Tennis Match/Lost Lighter: Now we have a great piece of cross-cutting suspense. Bruno is going to plant the monogrammed cigarette lighter at the murder scene the next night... and Guy needs to stop him. Only one problem: that’s the day of the big tennis tournament. So, if Guy can win his match early, he can hop a train and stop Bruno from planting the evidence. Ann and Barbara will help him evade the detectives watching him... which is good, because the police have decided to arrest him after the tennis match. Though all of their evidence is circumstantial, there are no other suspects, and Guy has been acting really guilty.



Guy playing the tennis match is cross-cut with Bruno going out to the amusement park to plant the lighter at the crime scene... But things go wrong on both ends. Guy plays like a lunatic, trying to win the game... but his opponent is much better than he thought and the match ends up tied and is not an easy win. Bruno accidentally drops the cigarette lighter down a drainage grate at the amusement park and has to retrieve it. We cross cut between both actions - will Guy win his match in time to stop Bruno? Will Bruno retrieve the lighter before Guy can win his match? Each action is drawn out to build suspense... and eventually Guy wins his match and Bruno recovers the lighter. Now, can Guy stop Bruno before he plants the lighter on the island?
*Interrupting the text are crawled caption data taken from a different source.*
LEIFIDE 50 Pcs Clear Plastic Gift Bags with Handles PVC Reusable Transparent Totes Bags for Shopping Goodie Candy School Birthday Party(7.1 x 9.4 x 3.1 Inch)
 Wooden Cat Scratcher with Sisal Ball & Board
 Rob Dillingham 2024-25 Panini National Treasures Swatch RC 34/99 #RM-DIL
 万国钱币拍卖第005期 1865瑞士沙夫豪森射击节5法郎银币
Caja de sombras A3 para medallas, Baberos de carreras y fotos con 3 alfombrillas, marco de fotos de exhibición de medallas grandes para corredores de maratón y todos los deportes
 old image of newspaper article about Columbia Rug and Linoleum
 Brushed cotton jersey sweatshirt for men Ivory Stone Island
Carousel Gone Wild: Guy gets to the amusement park *seconds* before Bruno gets on a boat to the island... but the police are in hot pursuit - following Guy. We get a chase and fight that ends up on that carrousel with the calliope music, which goes out of control when the police chasing guy accidentally shoot the operator - who falls onto the controls. As the carrousel starts moving at warp drive - throwing people off - it’s as if both Guy and Bruno are on the same bit of insanity. The carrousel becomes a metaphor for Bruno’s psychosis - and Guy is trapped in it. The two men battle it out on the carrousel as the police watch. The police have found the Tunnel Of Love boat rental dude - and eyewitness who has seen the killer - and ask him if the guy on the carrousel is the same guy. He says “yes”. Now the police are sure that *Guy* is the murderer. A fellow is dispatched to climb under the out-of-control carrousel and switch it off... so that they can capture Guy. Guy continues to battle Bruno... wooden horse hooves almost smashing Guy’s face at one point! The carrousel reaches the breaking point and “crashes” (pieces go flying) (closest thing to an explosion you can get with a carrousel). Bruno is crushed under the carrousel... dying. The police arrest Guy. Not the ending you expected, huh?



The Tunnel Of Love dude says, “No, that’s not him. The other fella.” Guy tells the police that Bruno killed his wife and came here to plant his lighter. They go up to the dying Bruno and try to get him to confess... but he pins it all on Guy! He says Guy asked him to go out to the island to retrieve Guy’s monogrammed lighter, that Guy left behind when he killed Miriam! Then, Bruno dies.

Did Bruno have time to plant the lighter on the island after-all? Is Guy going to be executed for *wishing* his slutty wife were dead?

Not the end you expected, huh?

Then, as Bruno dies, his hand opens... and there’s the lighter. The police let Guy go - he’s innocent. The end.

Sound Track: Another great Dimitri Tiomkin score. Dark, lush, and with that haunting Tiomkin rhythm. Though I prefer the Herrmann scores for Hitchcock, Tiomkin’s partnership with the director produced some great work... as did Rozsa’s (which we’ll come to in a couple of weeks).

STRANGERS ON A TRAIN is one of my favorite Hitchcock films, and it really holds up. The transference of guilt is great in this film, and while watching it *I* always feel guilty. If you have ever fantasized about killing someone, or wished your enemy was dead... this movie will probably haunt you long after you’ve seen it.